Handbook for PhD Students

This PhD Handbook serves a dual purpose: it defines the research methodology of our group and gives general advice to students, and it sets out standards and processes which all students in the group are expected to strive for.

Experimental evaluation direct link

Systematic evaluation is a central element of a research methodology. Much of the research in our group is empirical, which means that claims and hypotheses are tested in practice.

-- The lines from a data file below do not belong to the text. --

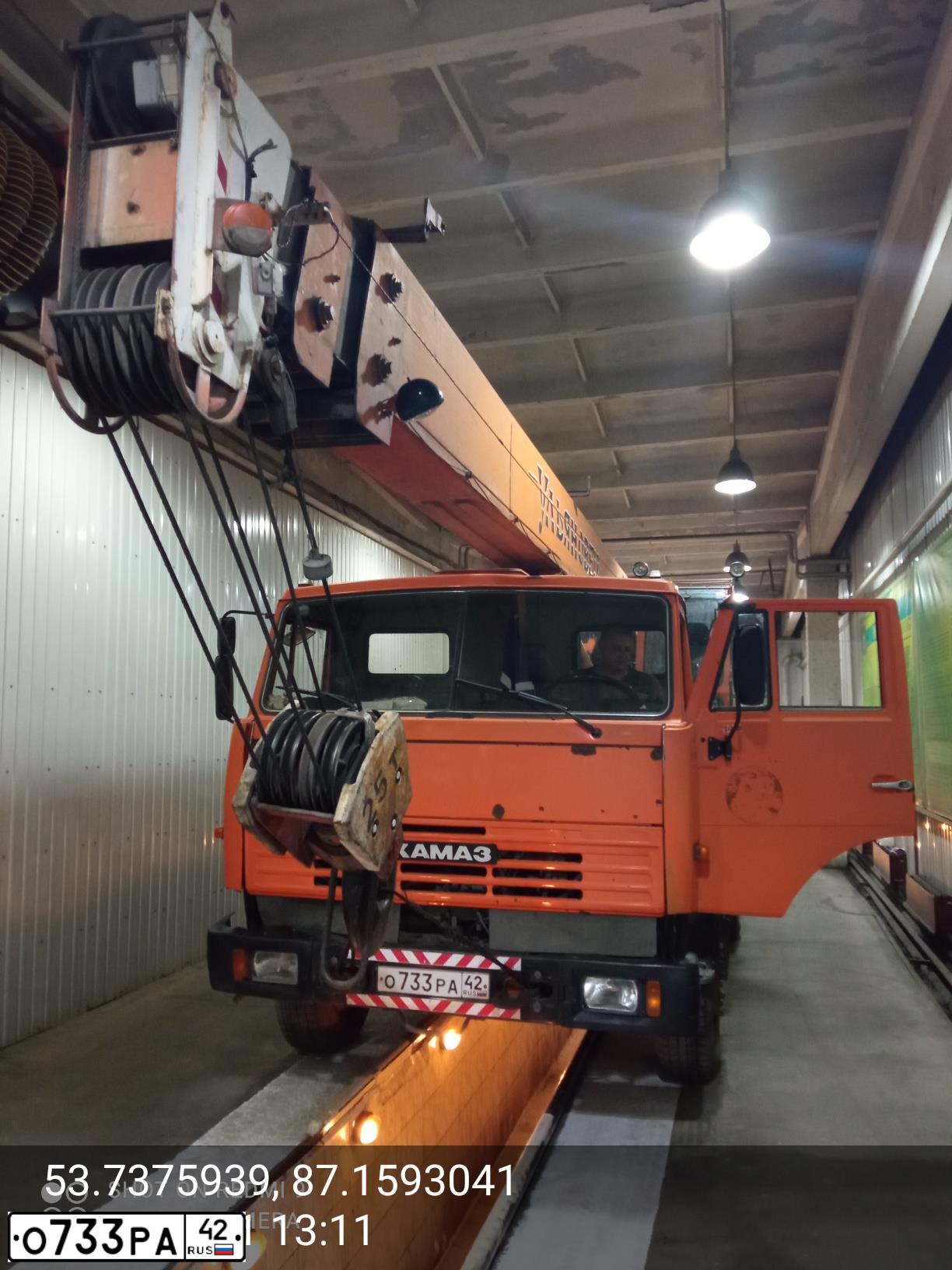 Фото автомобиля KAMAZ 55111 /6X4/, 2005 — госномер Х904ОН142. Цвет: Оранжевый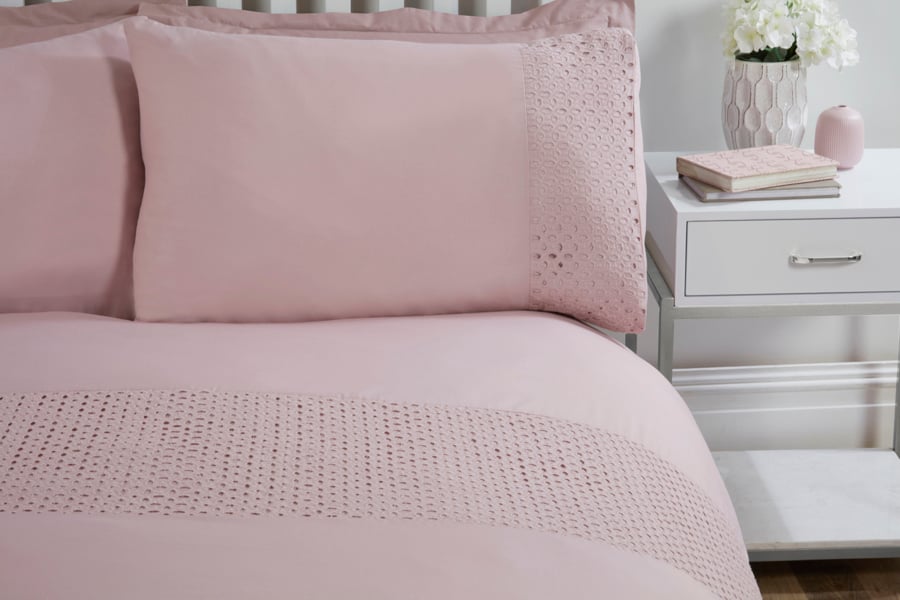 Smart Living Luxury Super Soft Stylish Lace Panel Duvet Cover with Pillowcases - Blush Pink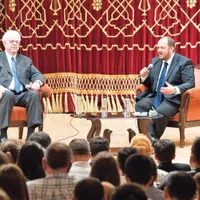 Gazda lui Dennis Prager la Ateneul Român a fost Adrian Papahagi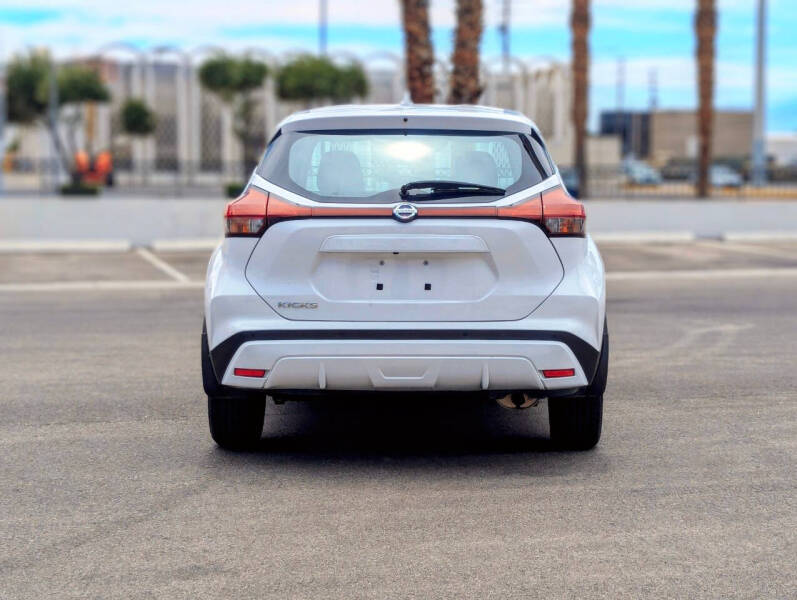 2021 Nissan Kicks S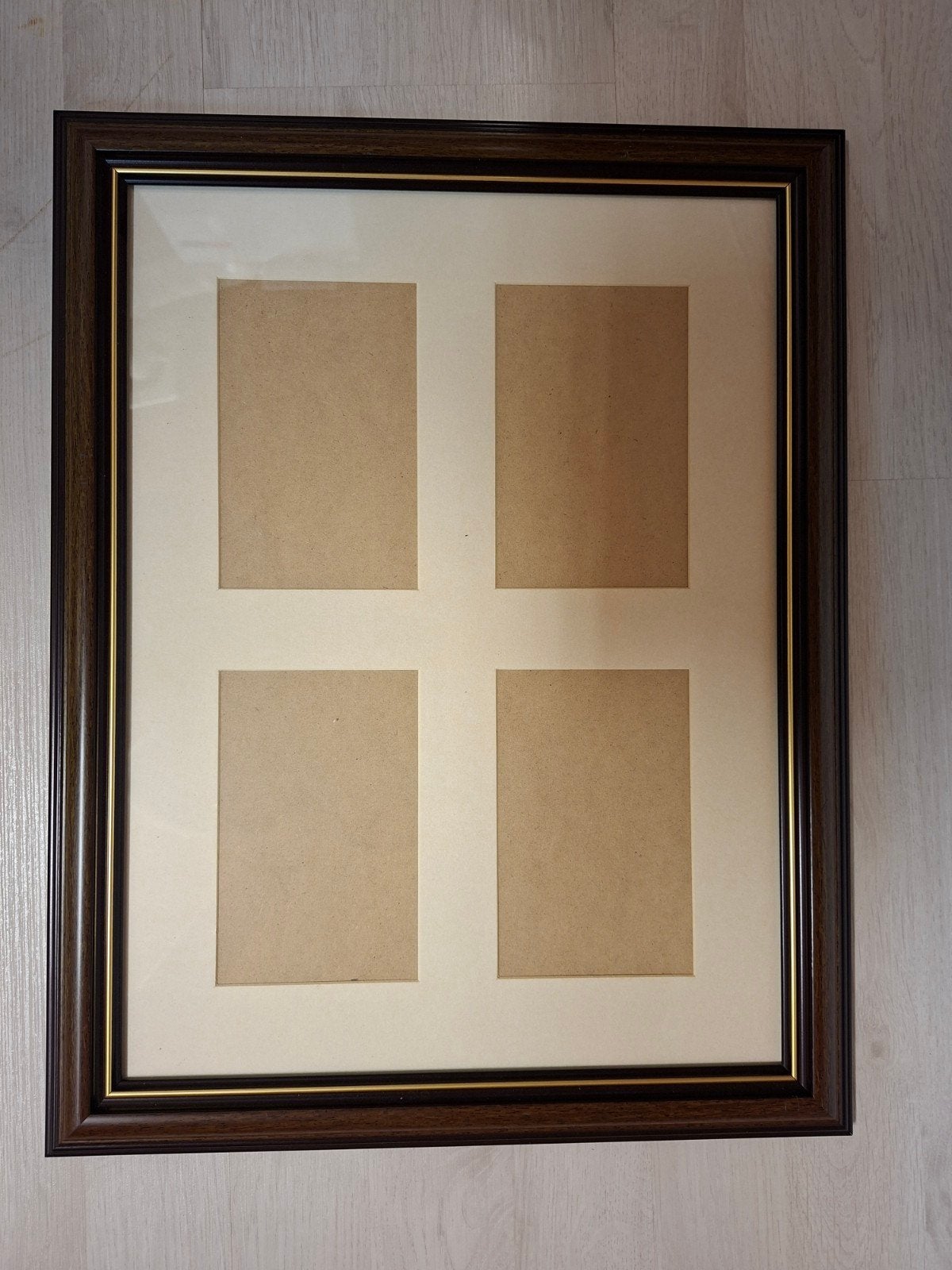 2 st Donkerbruine fotolijst met passe-partout voor 4 foto's, Huis en Inrichting, Ophalen, Bruin, Gebruikt, Met ophangsysteem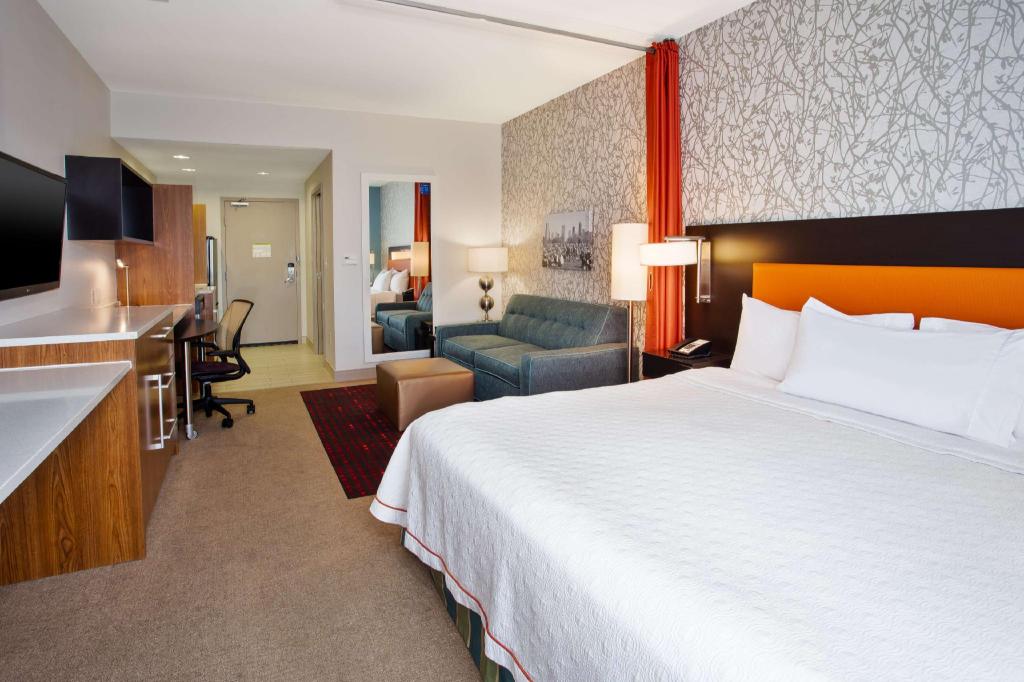 Studio, Suite, King Bed, Accessible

An important question to consider is what evaluation tasks (simulation environments) to use. The choice of evaluation tasks should be guided by your open problem, in that a solution to the problem is required to successfully complete the tasks. I call such tasks challenge tasks because they allow you to say "this task cannot be solved (well) with current methods due to the open problem". Using a non-contrived, ambitious challenge task gives your research a stronger justification and can force you to think outside the box to find novel ideas.

When designing experiments, have specific questions in mind which the experiments should answer. For example:

  • How does your method compare to other methods? (e.g. rewards, accuracy, sample complexity, compute time)
  • How does your method scale in certain dimensions? (e.g. number of agents, actions, states)
  • What is the contribution/effect of different components in your method? (ablation study)
  • How does your method perform if certain assumptions are violated?
  • If you observed a specific result and have a hypothesis to explain the result, you may want to design additional experiments to specifically test your hypothesis.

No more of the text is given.